Die Story über das Thanksgiving-Essen war für linke Medien doppelt attraktiv, da sie einerseits den Klimawandel als unmittelbares Problem darstellte und andererseits die Biden-Inflation aus dem Spiel ließ. Effizienz ist schließlich ein Schlagwort dieses Genres.

Aber die Bierstory war ein echter Hit und wurde von mindestens einem anderen „Partner“ der Massenmedien aufgegriffen, während andere „Nichtpartner“ sie aufgriffen.

Hier die Schlagzeile von CBS: „Erderwärmung bedroht kalte Biervorräte durch Klimabelastung von Hopfen, Gerste und Wasser“. Das muss man den Greta-Thunberg-Fans dieser Welt hoch anrechnen: Es gibt wohl keinen besseren Weg, den Durchschnittsamerikaner mittleren Alters für den Klimawandel zu sensibilisieren, als die Bier-Alarmstufe zu erhöhen. War das eine Folge der Simpsons? Oder sieht es nur so aus?

Seitdem Covering Climate Now und die Columbia-Initiative bekannt geworden sind, hat CBS mit dieser Schlagzeile aufgewartet:

Seit der Veröffentlichung von Covering Climate Now und der Columbia-Initiative hat CBS diese Schlagzeile:

  • Das reichste 1% der Welt stößt genug Kohlenstoff aus, um den Hitzetod von 1,3 Millionen Menschen zu verursachen, so der Bericht.

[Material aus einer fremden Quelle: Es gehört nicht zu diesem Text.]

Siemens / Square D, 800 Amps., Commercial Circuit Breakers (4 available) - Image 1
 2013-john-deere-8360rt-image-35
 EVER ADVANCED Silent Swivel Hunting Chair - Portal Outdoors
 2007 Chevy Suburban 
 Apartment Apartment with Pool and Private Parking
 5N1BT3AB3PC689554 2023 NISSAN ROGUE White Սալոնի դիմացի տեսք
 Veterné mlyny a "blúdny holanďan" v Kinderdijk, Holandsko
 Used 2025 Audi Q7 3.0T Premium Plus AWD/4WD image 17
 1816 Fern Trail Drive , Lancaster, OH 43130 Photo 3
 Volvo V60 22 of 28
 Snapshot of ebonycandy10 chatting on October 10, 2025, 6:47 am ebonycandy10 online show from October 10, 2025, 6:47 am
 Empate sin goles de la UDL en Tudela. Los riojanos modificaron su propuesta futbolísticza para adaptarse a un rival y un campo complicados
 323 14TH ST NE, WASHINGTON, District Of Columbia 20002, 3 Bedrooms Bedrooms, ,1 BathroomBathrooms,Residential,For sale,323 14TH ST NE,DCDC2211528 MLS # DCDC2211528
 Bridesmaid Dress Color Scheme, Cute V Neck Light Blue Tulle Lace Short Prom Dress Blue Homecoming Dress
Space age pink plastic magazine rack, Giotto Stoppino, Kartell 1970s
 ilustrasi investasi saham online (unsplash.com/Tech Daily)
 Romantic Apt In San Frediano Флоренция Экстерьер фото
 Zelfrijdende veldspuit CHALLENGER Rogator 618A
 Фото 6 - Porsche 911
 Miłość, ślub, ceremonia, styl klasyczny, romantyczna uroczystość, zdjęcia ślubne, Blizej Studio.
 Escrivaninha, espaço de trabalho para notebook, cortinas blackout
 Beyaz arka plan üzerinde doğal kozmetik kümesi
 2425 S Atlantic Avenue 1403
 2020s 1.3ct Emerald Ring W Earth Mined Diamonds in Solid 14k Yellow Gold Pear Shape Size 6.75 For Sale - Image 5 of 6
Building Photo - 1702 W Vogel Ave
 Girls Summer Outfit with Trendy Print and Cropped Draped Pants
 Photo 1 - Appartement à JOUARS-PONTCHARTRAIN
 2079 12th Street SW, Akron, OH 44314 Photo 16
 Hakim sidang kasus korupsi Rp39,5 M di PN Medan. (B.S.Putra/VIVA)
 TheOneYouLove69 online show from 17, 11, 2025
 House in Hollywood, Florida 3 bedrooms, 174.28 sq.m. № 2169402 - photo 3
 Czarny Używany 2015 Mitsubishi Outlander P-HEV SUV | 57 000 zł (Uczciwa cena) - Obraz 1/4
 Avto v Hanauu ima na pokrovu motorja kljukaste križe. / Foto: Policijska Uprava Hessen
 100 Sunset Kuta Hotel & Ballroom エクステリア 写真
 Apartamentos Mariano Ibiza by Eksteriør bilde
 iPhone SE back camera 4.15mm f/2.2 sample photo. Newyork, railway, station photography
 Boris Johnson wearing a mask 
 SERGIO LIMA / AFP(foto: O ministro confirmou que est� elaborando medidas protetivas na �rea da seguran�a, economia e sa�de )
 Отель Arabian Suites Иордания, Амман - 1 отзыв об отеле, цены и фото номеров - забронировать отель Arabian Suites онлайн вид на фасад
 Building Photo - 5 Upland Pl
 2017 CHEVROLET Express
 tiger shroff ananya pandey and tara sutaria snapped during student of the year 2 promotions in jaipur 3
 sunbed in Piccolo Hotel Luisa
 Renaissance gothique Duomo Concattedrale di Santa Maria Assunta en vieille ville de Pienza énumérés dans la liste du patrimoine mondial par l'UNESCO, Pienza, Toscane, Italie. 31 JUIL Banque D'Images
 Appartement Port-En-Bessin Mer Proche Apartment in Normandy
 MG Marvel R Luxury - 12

Partner Reuters titelte mit dieser Nachricht:

  • London ist nicht ausreichend auf die tödlichen Risiken des Klimawandels vorbereitet, warnt ein Bericht.

Ein Brite, mit dem ich über diesen Artikel sprach und der während der berüchtigten Hitzewelle 2022 in London lebte, scherzte, dass der Hauptgrund, warum der Klimawandel dort tödlich sein könnte, darin liege, dass nur sehr wenige Wohnungen in der Stadt mit Klimaanlagen ausgestattet seien.

Aber auch Reuters hat die Sache mit der Berichterstattung über die Auswirkungen des Klimawandels auf die Spitze getrieben. Im Dezember veröffentlichten sie diesen Artikel:

  • Klimawandel bedroht ungarische Weihnachtsbäume.

Covering Climate Now hat auch Partnerartikel veröffentlicht, in denen argumentiert wird, dass „massive grüne öffentliche Investitionsprogramme der kosteneffektivste Weg wären, um sowohl die von Viren heimgesuchten Volkswirtschaften wiederzubeleben als auch dem Klimawandel einen entscheidenden Schlag zu versetzen“, und in denen die angebliche Gefährdung von Senioren, die während des COVID in ihren Häusern Schutz suchen, durch Fracking und die angebliche Verantwortung der Amerikaner für die Abholzung des Regenwaldes im Amazonasgebiet thematisiert werden – mit Leonardo DiCaprio (warum auch nicht).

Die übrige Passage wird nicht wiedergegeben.